Sul licenziamento illegittimo del lavoratore a seguito di denuncia-querela al datore di lavoro.

Il caso.

Una lavoratrice ricorreva in appello avverso la società dove ella lavorava per richiedere, tra gli altri motivi, una dichiarazione di illegittimità del licenziamento intimatole per giusta causa.
La società alla base del licenziamento, poneva a carico della donna, di avere presentato una denuncia – querela, soggetta poi a richiesta e decreto di archiviazione emesso dal Giudice per le Indagini Preliminari, a carico della società datrice di lavoro con accuse dimostratesi insussistenti.
Inoltre il datore di lavoro motivava che il licenziamento era scaturito dal fatto che vi era stata una condotta da parte della lavoratrice idonea a ledere irrimediabilmente il vincolo fiduciario ed era stata talmente grave da escludere un altro tipo di sanzione sia dal punto di vista oggettivo che soggettivo.
La Corte d’Appello, respingeva il ricorso della lavoratrice, motivando, tra le altre cose, che era irrilevante che, dalla condotta della lavoratrice, non fosse derivato alcun danno all’immagine della società.
Da qui il ricorso in Cassazione che viene, in parte accolto.
La Suprema Corte ha continuità all’orientamento con cui la Corte ha valutato condotte analoghe a quella addebitata alla ricorrente, (ex multis: Cass. sentenze nn. 4125/2017, 14249/2015, 6501/2013) escludendo che la denuncia di fatti di potenziale rilievo penale accaduti nell’azienda possa integrare giusta causa o giustificato motivo soggettivo di licenziamento.
Ma inoltre, pone attenzione sul fatto che il codice civile sancisce l’obbligo di fedeltà del dipendente al datore di lavoro e all’azienda.
Questo, ovviamente, non vieta al dipendente di poter denunciare illeciti che avvengano da parte dell’azienda poiché questo favorirebbe una sorta di riconoscimento dell’omertà, cosa ovviamente vietata nel nostro ordinamento.
E’ un diritto del dipendente quello di poter sporgere denuncia o querela nei confronti di un superiore per tutelare i propri diritti.

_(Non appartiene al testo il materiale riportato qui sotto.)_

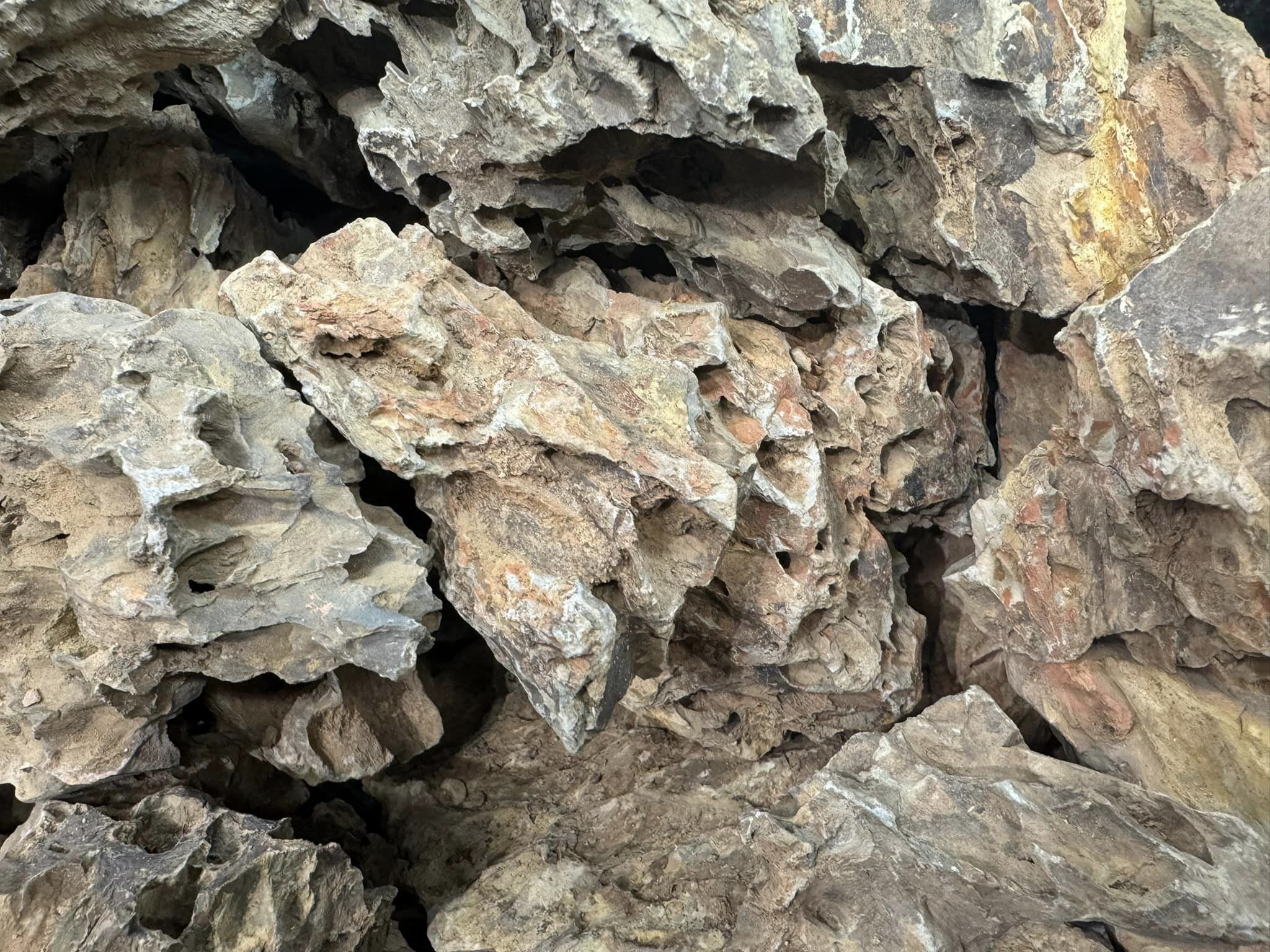Lots of Hardscape Options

Pertanto, in base alla valorizzazione di interessi pubblici superiori, la sola denuncia all’autorità giudiziaria di fatti astrattamente integranti ipotesi di reato, può essere fonte di responsabilità disciplinare e giustificare il licenziamento solo nel caso in cui in cui l’iniziativa sia stata strumentalmente presa nella consapevolezza della insussistenza del fatto o della assenza di responsabilità del datore.

Affinché sorga responsabilità disciplinare non basta, infatti, che la denuncia si riveli infondata e che il procedimento penale venga definito con la archiviazione della “notitia criminis” o con la sentenza di assoluzione, trattandosi di circostanze non sufficienti a dimostrare il carattere calunnioso della denuncia stessa.

Precisa la Corte che la valutazione in ordine alla ricorrenza della giusta causa e al giudizio di proporzionalità della sanzione espulsiva deve essere operata con riferimento agli aspetti concreti afferenti alla natura e alla utilità del singolo rapporto, alla posizione delle parti, al grado di affidamento richiesto dalle specifiche mansioni del dipendente, al nocumento eventualmente arrecato, alla portata soggettiva dei fatti stessi, ossia alle circostanze del loro verificarsi, ai motivi e all’intensità dell’elemento intenzionale o di quello colposo.